Jameskobielus By James Kobielus

This has been the season for splashy vendor announcements in the high-end data warehousing (DW) market, and they’ve become progressively more disruptive and game-changing with every passing month. Though to the casual observer this may seem like a vendor-push game of competitive one-upmanship, it is in fact being driven by ever more challenging requirements coming from Information and Management (I&KM) professionals. I&KM pros in many verticals are implementing ever more scalable DW platforms to manage inexorable growth in BI and advanced analytics workloads.

Extreme scalability is the new uber-theme in today’s DW arena. Forrester customers will see an in-depth discussion of best practices in this regard in a forthcoming report that I’m authoring, for publication late in this quarter. My ongoing research has shown that many enterprises, service providers, and e-commerce companies are pushing the DW scalability envelope. DW deployments are pushing into the hundreds or thousands of terabytes of usable data, which is being persisted across tens, hundreds, or sometimes a thousand or more nodes. In addition, I&KM professionals are routinely pushing the needle on other DW scalability and performance metrics, including user/query concurrency, high-volume data-load speeds, and mixed-query workload management.

DW vendors are racing as fast as they can to support these extreme-analytics requirements, both through a more total focus on appliance-based packaging and through aggressive scale-out of those offerings.

In mid-summer, Microsoft acquired DATAllegro, leaving no doubt that the Redmond, Washington-based vendor planned to reconstitute its DW stack–with SQL Server 2008 at its heart–as a shared-nothing massively parallel grid of finely optimized appliance nodes. That, of course, is a work in progress, under Microsoft’s ongoing “Project Madison,” which will result in a commercially available DW appliance platform in the next 1-2 years.  But Microsoft’s progress on this road map is worth watching, because no vendor is better positioned to deliver cost-effective massively parallel DW solutions into the vast mid-market–when the day comes.

Late last month, Oracle raised the competitive stakes when it and HP jointly announced the immediate general availability of a massively parallel, high-end DW appliance: the HP Oracle Database Machine with Exadata Storage Server.
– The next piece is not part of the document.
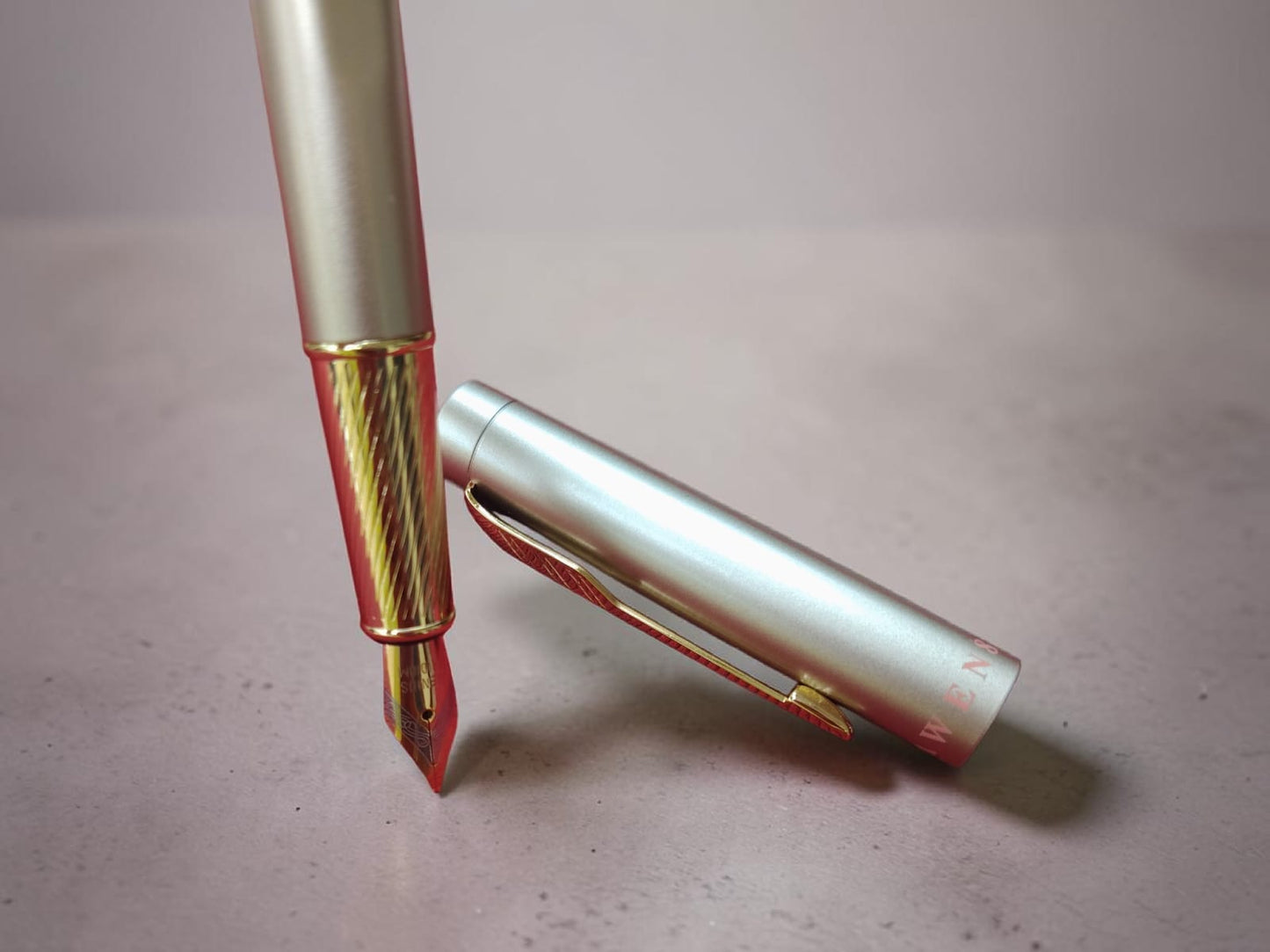 DIKAWEN Fountain Pen No. 8088 N-G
As I noted in a prior blog post, this new uber-appliance now enables Oracle to sell a pre-optimized petabyte-scale DW solution to its customers who may, heretofore, have turned to, say, Teradata, for a solution to address their most high-volume, high-performance analytics requirements. No, this new HP/Oracle product does not come cheap. But, then again, what I&KM pro expects an investment in a high-end enterprise DW (EDW) platform to come in at less than seven figures?
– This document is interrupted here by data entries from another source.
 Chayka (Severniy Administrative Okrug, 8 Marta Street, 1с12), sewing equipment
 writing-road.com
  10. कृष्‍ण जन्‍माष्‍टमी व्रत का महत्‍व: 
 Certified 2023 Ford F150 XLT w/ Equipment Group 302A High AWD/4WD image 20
Now, this week, Teradata–still the acknowledged scalability king in the EDW market–has made the most disruptive announcement of all. At its annual Teradata Partners conference, the vendor announced immediate general availability of a new platform: the Teradata Extreme Data Appliance 1550.

What’s most noteworthy about this product (which is configured with the same core Teradata DBMS and tooling as its other DW platforms) is how “extreme” it is on two key dimensions. On the scalability dimension, the Teradata 1550 can scale-out to 50 petabytes of usable data across 1,024 nodes, which represents–hold your hats–five times the capacity of the vendor’s heretofore high-end 5550 platform. But it’s on another dimension, extreme affordability, that the new 1550 platform truly takes the DW industry to a whole new level. Teradata is offering the 1550 for as low as $16,500 per usable terabyte–which is less than one-tenth the list price of the 5550 and in the same general ballpark as some low-end, startup DW appliance vendors, such as Greenplum, Dataupia, and (the now temporarily off the market) DATAllegro.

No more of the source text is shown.